Desweiteren wird dieses Jahr Baphomets Fluch 2.5 released.

 *Quote:*   

> Baphomets Fluch 2.5 erscheint am 21. August 2008.

 

Wohingegen INDIANA JONES and the FOUNTAIN OF YOUTH wohl noch länger auf sich warten lässt.

Aber alle die mit der Scumm-VM die alten Klassiker noch einmal wiederaufleben lassen.. wird diese Nachricht bestimmt freuen.

Edit: Auf Wunsch von scurrell noch ein Verweis auf descent2 Ich bin mir aber nicht sicher ob und wie da die Vollversion nötig ist. Die Seite schaut mir mehr aus wie eine Modifikation, mit etwas verbesserter Grafik.

Mfg ChrisLast edited by ChrisJumper on Tue Jun 23, 2015 10:41 pm; edited 1 time in total

----------

## Evildad

Läuft es bei Dir?

Bei mir ist es nach dem Intro abgestürzt...

----------

## Finswimmer

Mit nv läuft es, ruckelt aber wie die Sau.

Mit nvidia geht gar nix.

Tobi

----------

## misterjack

Dass es Windows-Only ist, wertet das ganze natürlich deftig ab. Läuft hier nicht ordentlich, Texturen fehlen etc.

----------

## ChrisJumper

Nun ja...

ich hab es bisher nur unter Windows getestet weil es doch recht viel Speicher braucht und ich unter Linux zu faul (morgens um 5 Uhr) war den Platz frei zu räumen (1. Versuch). Als ich dann was gefunden hab.. (2. Versuch) war die Partion "noexec" :/  Beim dritten Versuch kam die selbe Fehlermeldung.. obwohl "noexec" nicht in der Fstab-Stand aber auto oder sowas.. - Dann hatte ich keine Luste mehr. Folge: Mit Cedega als auch ein mal mit Wine einen Error 21, von wegen das zak2.exe nicht ausgeführt werden konnte.

Dann hab ich das heute früh verworfen und es erstmals auf meiner Windows-Partiton installiert. Nachdem ich mir dann den vier-Seiten Thread angeschaut hab. Und die dort schon angesprochenen Textur-Probleme mit Nvidia-Opengl. Hatte ich spontan keine Lust mehr mich darum zu kümmern.

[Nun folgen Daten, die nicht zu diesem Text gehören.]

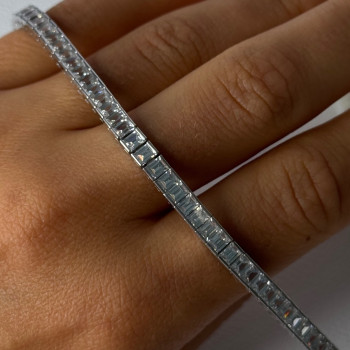 Elegant 925 Sterling Silver CZ Bracelet Length 8 Inch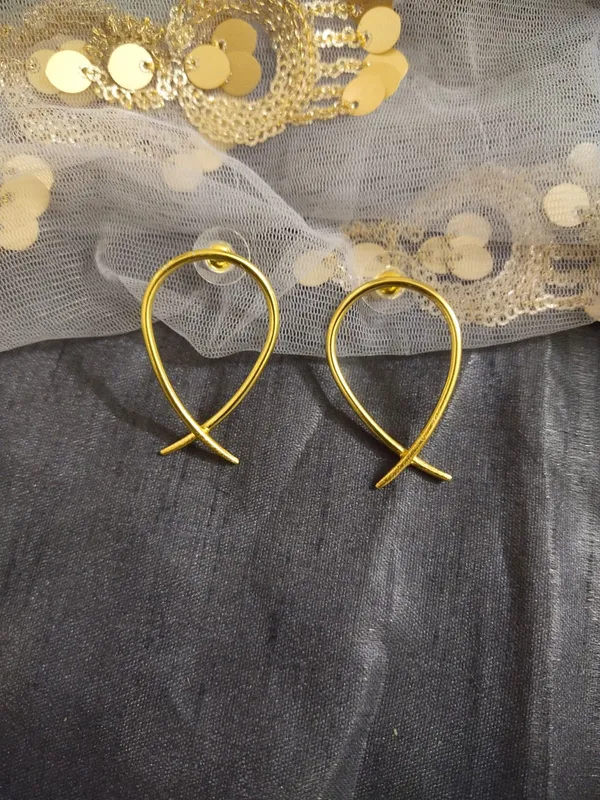 Gold_Platting_-_Criss_Cross_Handmade_Brass_Earrings_For_Women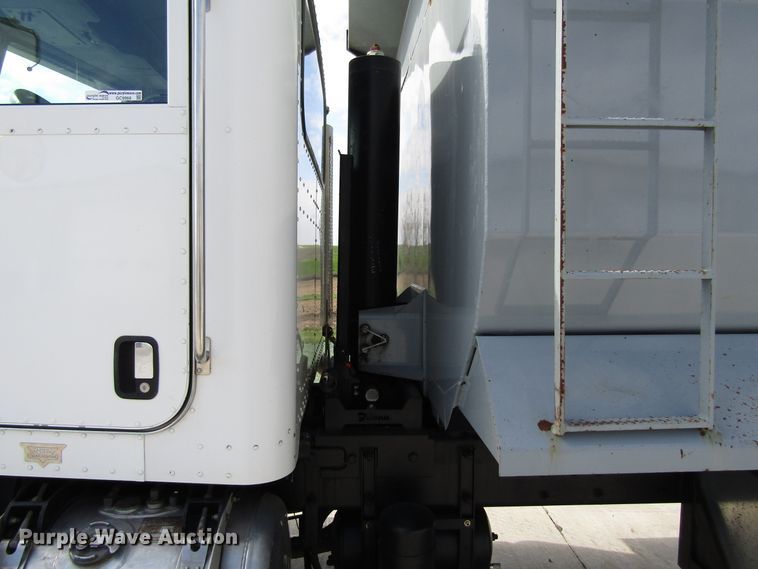 image for item GC9966 2006 Peterbilt 335  dump truck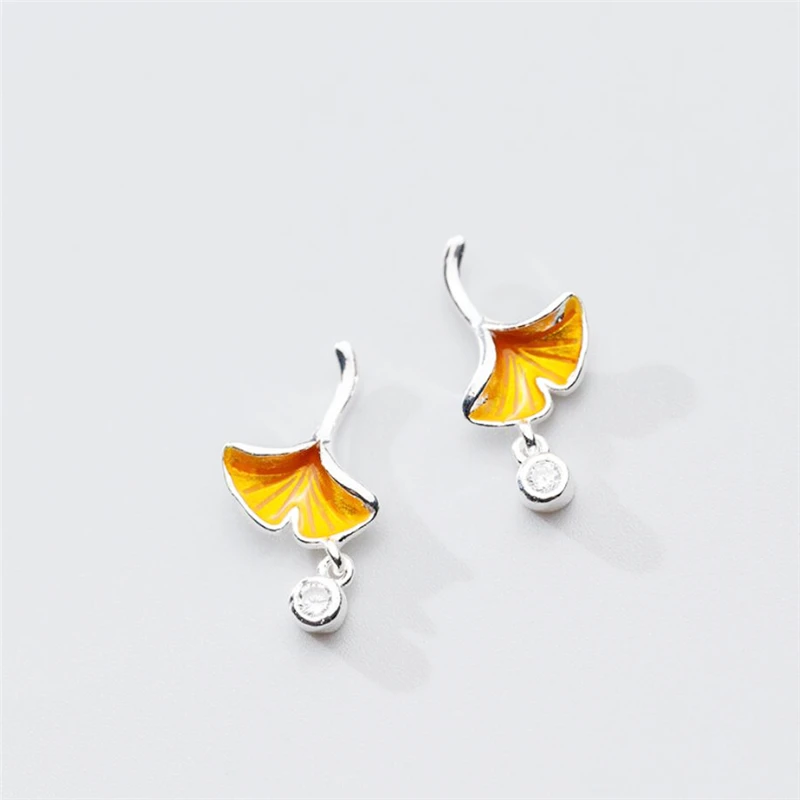 Sole Memory Colored Drip Glaze Crystal Ginkgo Leaves Silver Color Fashion Female Stud Earrings SEA742
Sole Memory Colored Drip Glaze Crystal Ginkgo Leaves Silver Color Fashion Female Stud Earrings SEA742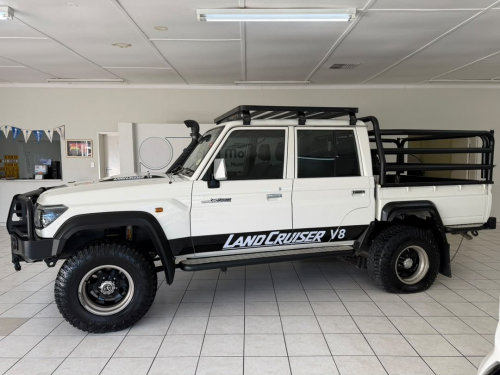 Toyota Land Cruiser 79 4.5D V8 4x4 P/U D/C M/T in Namibia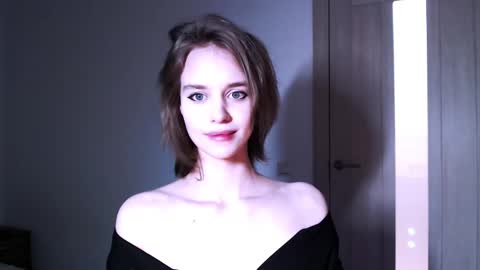 Snapshot of lunaaa_amour chatting on December 29, 8:04 pm Luna online show from December 29, 8:04 pm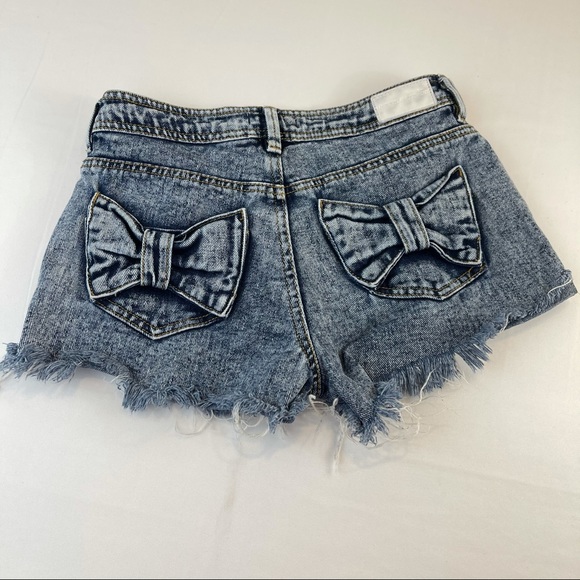 Modern Amusement Acid Wash Bow Jean Shorts Jr Sz 1 - Picture 2 of 14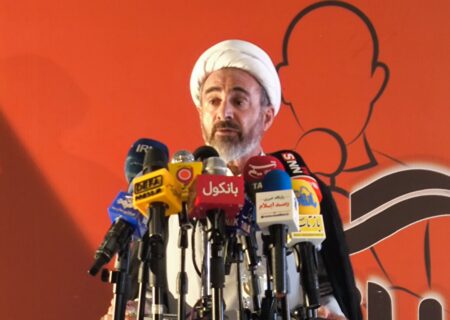 امام جمعه ایلام: خبرنگاران طلایه‌داران جهاد تبیین و صدای مردم هستند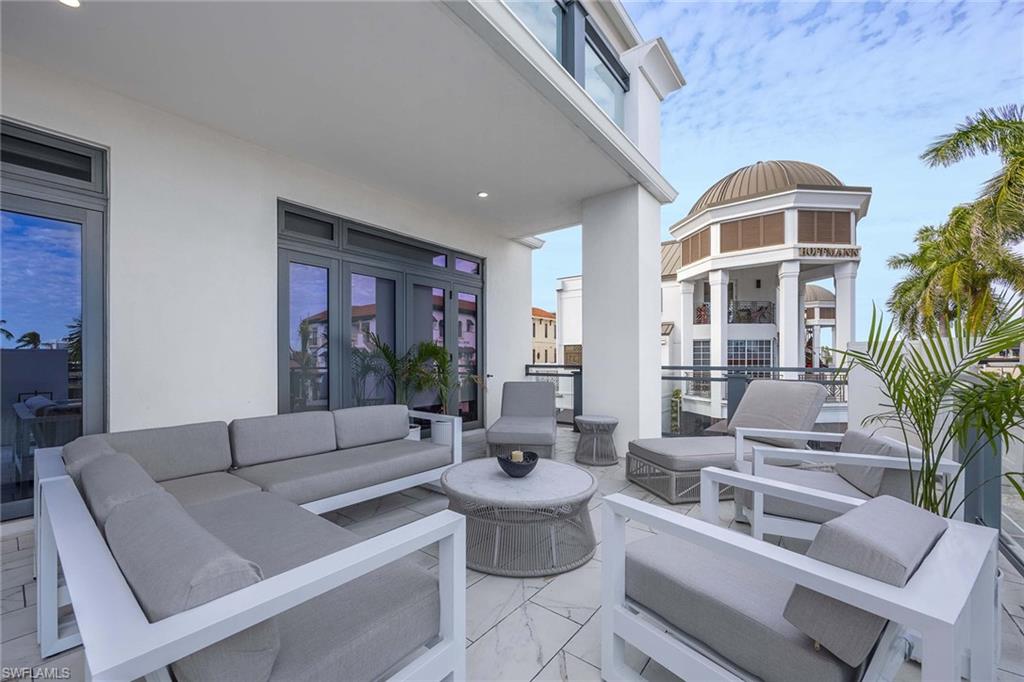 OLDE NAPLES - Residential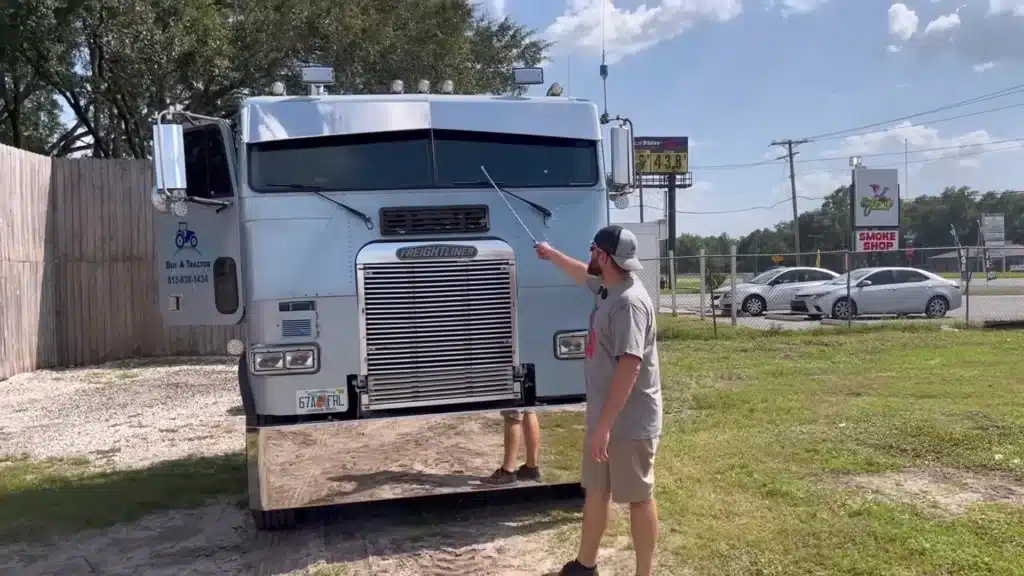 semi-trucks race European vs American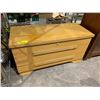 Image 1 : CEDAR LINED HONDRICH BLANKET BOX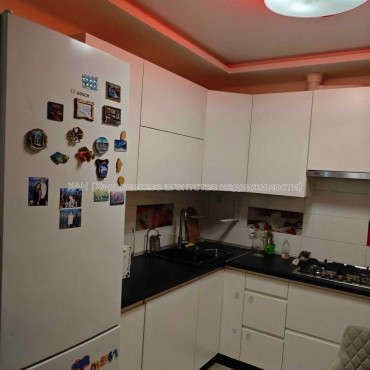 Продам квартиру, Александры Ефименко ул. , 2 кім., 50 м², евроремонт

Zumal ich wegen einem anderen Spiel grade die 173.08-Nvidia-Treiber installiert hab. Und jetzt beim Downgrade des Treibers Probleme bekomme hab und auch "wieder" den Kernel wechseln müsste. Bin grade erst auf 2.6.25 umgestiegen. Weil zwischenversionen von Nvidia bei mir zahlreiche Probleme verursachten (nein nicht bei Linux direkt sondern bei wine und auch nur weil ich eine "ungünstige/billig Graka hab"). Wie gesagt, daher hab ich mir das erstmal unter Windows angetan.

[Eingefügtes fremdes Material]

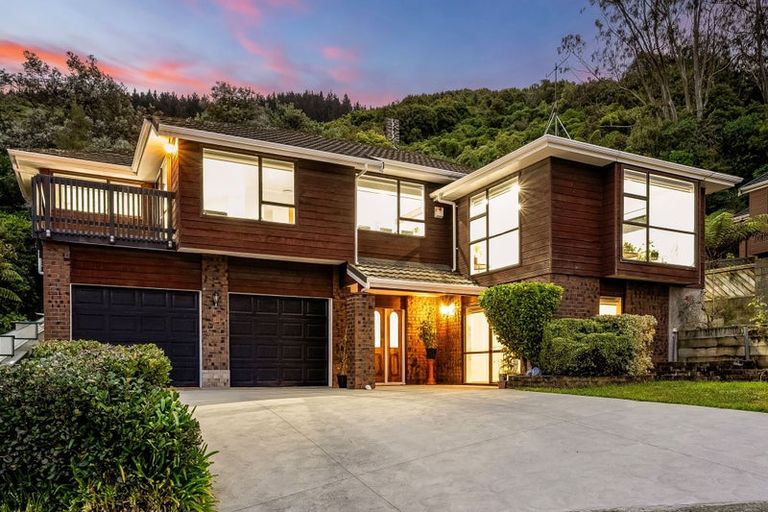 Photo of property in 46 Peterhouse Street, Tawa, Wellington, 5028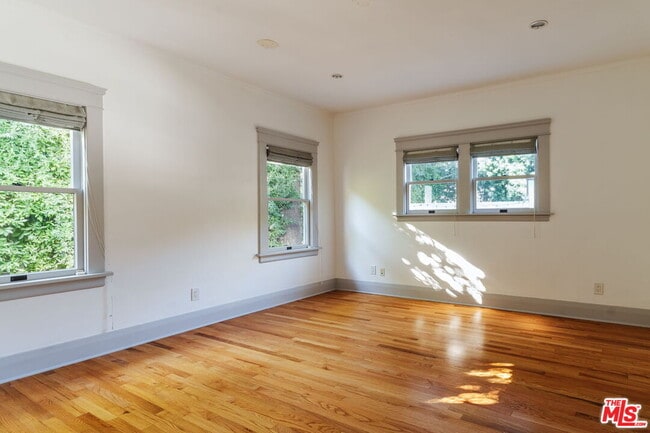 Building Photo - 2027 Canyon Dr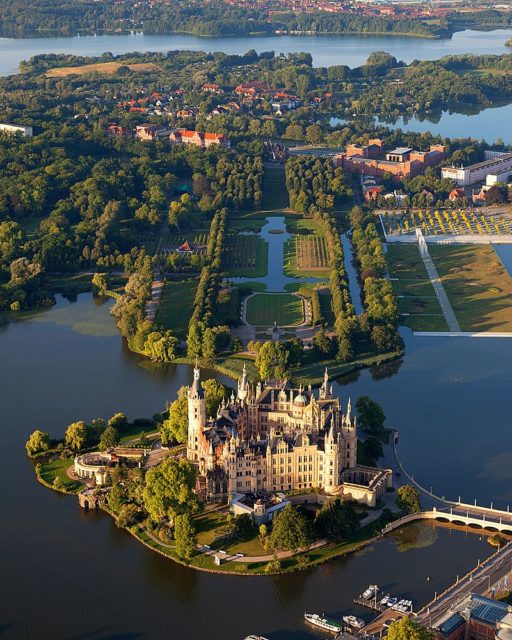 Schloss Schwerin, GermanySource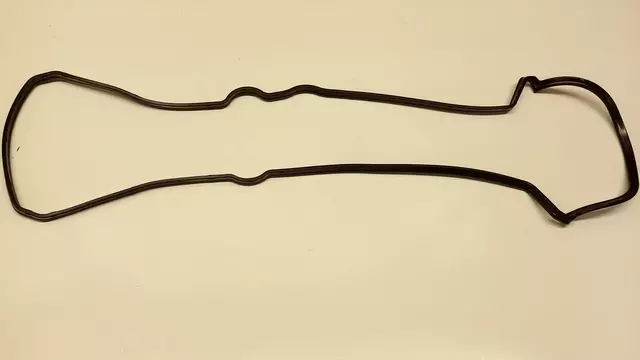 1121350031 - Engine: Valve Cover Gasket for Lexus: GS400, GS430, GX470, LS400, LS430, LX470, SC400, SC430 Image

Es ist wirklich schade das das Spiel (noch) für "M$ only" Konzipiert ist. Allerdings finde ich das toll das in dem Forum scheinbar Gentoo-Benutzer rege vertreten sind: Ptomaine, kiowas und Hallerich haben die Grafikprobleme wohl in den Griff bekommen, indem sie mit eselect vorübergehend auf die X11-OpenGL-Treiber wechselten.

 *Ptomaine wrote:*   

> Wie gesagt: Mit dem xorg-x11-OpenGL-Treiber gehts, mit nVidia nicht. Das muss irgendeine Renderingoption sein, die das Spiel nicht mag, sie vom Software-Renderer nicht unterstützt wird...

 

Doch leider muss man noch ein wenig frickeln um den Video-Codec in Wine zu integrieren und um dann auch noch Ton zu haben. Wäre doch toll wenn jemand es schafft aus Wine+Codec+Zack2 ein dickes Linux-Binary zu bauen mit dem das Spiel "vom Desktop" läuft?

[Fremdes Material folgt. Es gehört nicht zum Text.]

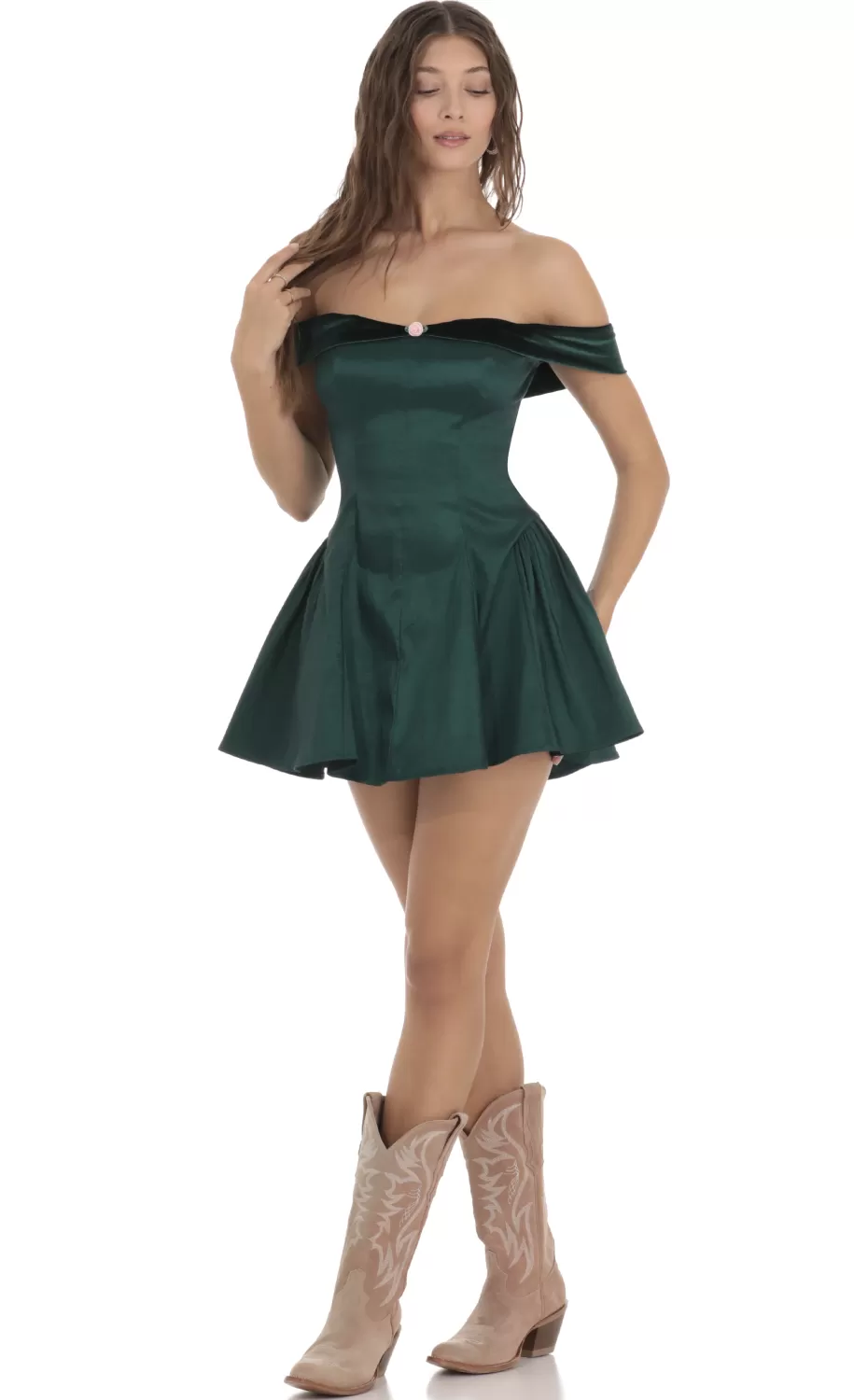 Off Shoulder Velvet Strap A-line Dress In Green^LUCY IN THE SKY Store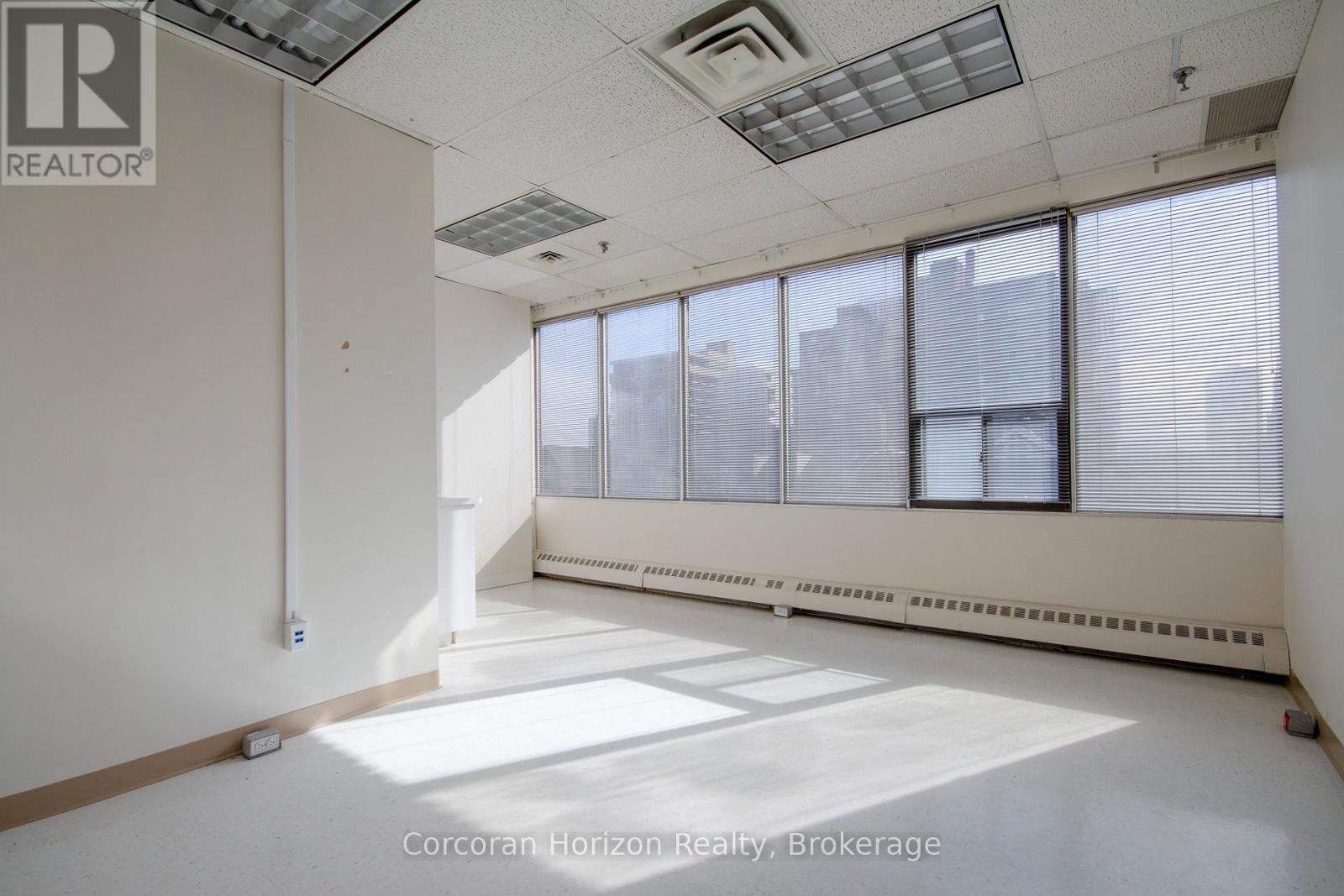 301a - 200 James Street S, Hamilton (Durand), Ontario  L8P 1Y6 - Photo 7 - X12399982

Das Spiel ist wunderbar! Es macht mir sogar noch mehr spaß wie Ank und ist bis jetzt ein würdiger Nachfolger. Das es noch nicht "native" unter Linux läuft ist wirklich schade, auch hab ich noch nicht herrausgefunden ob das Spiel unter der GPL steht. Doch es scheint als sei es ein Liebevolles Hoppy-Projekt, welches auch ein bisschen Werbung für die Game-Engine machen soll, welche dann aber auch Lizensierungspflichtig ist. Will man die Spiele damit vermarkten. Aber alles in allem nichts "Böses".. zumal nur 20 Euro für eine Vollwersion der Game-Editor-Engine verlangt werden. Aber sofern ich mich erinnere sind doch die "Scumm-GameEngine-Editoren" auch keine "gpl"-Software oder? Schade jedenfalls das es nicht direkt mit der Scumm-VM läuft.

Ich hab grad nicht soviel Zeit. Vielleicht begeb ich mich am Wochende nochmal auf die Suche...

Grüße Chris

Mensch geht mir unter Windows grad das strg + c, strg +v auf die nerven, ich bin doch die mausrad-taste gewöhnt ;)

----------

## firefly

für zak2 wird an einer Linux Version gearbeitet. Es läuft ohne Grafik Probleme mit cedega aber es läßt sich nicht speichern, mit wine ist das speichern möglich, aber die Grafik ist dann "schrott"

----------

## AmonAmarth

 *firefly wrote:*   

> für zak2 wird an einer Linux Version gearbeitet. Es läuft ohne Grafik Probleme mit cedega aber es läßt sich nicht speichern, mit wine ist das speichern möglich, aber die Grafik ist dann "schrott"

 

ist denn schon bekannt wann die native linux version erscheinen soll? ich hab gestern mal etwas rumgesucht bezüglich zak2 und linux aber nichts gefunden, außer ein paar foren einträge wo sich die user mehr oder weniger erfolgreich mit wine/cedega aushelfen.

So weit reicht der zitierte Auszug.